DESCRIPTION OF THE TASK:
Please output the listing that follows exactly, but keep all images out.

PROVIDED DATA:
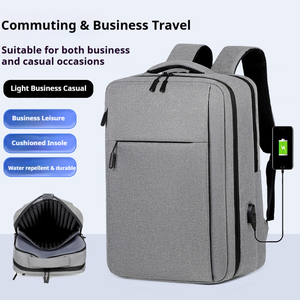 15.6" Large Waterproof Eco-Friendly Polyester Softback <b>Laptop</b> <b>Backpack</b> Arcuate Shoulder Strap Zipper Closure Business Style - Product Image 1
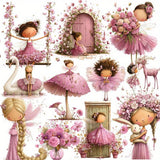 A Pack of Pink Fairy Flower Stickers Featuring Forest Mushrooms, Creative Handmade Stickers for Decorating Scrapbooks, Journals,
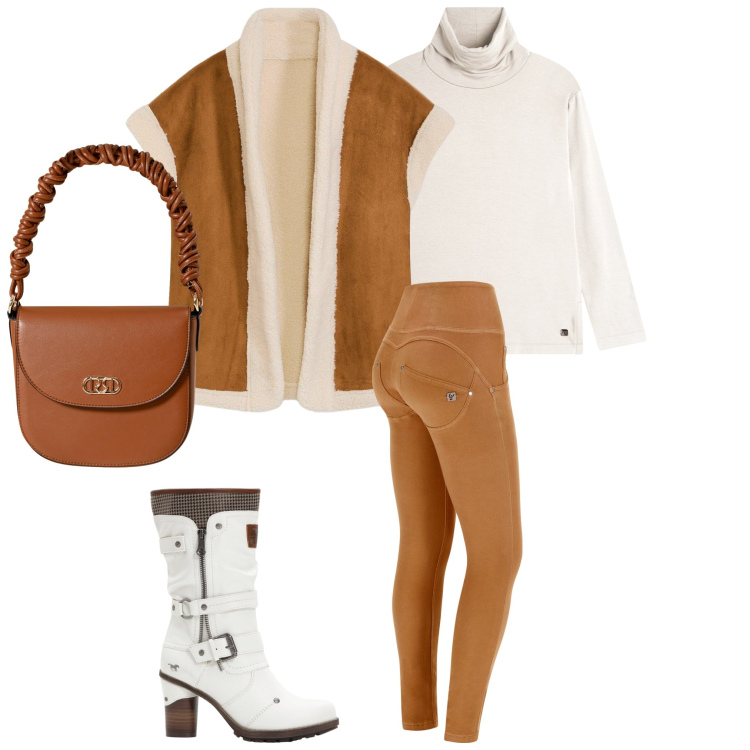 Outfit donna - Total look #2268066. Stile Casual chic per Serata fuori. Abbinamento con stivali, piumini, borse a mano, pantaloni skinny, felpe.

ANSWER FOR THIS EXERCISE:
 15.6" Large Waterproof Eco-Friendly Polyester Softback <b>Laptop</b> <b>Backpack</b> Arcuate Shoulder Strap Zipper Closure Business Style - Product Image 1
 A Pack of Pink Fairy Flower Stickers Featuring Forest Mushrooms, Creative Handmade Stickers for Decorating Scrapbooks, Journals,
 Outfit donna - Total look #2268066. Stile Casual chic per Serata fuori. Abbinamento con stivali, piumini, borse a mano, pantaloni skinny, felpe.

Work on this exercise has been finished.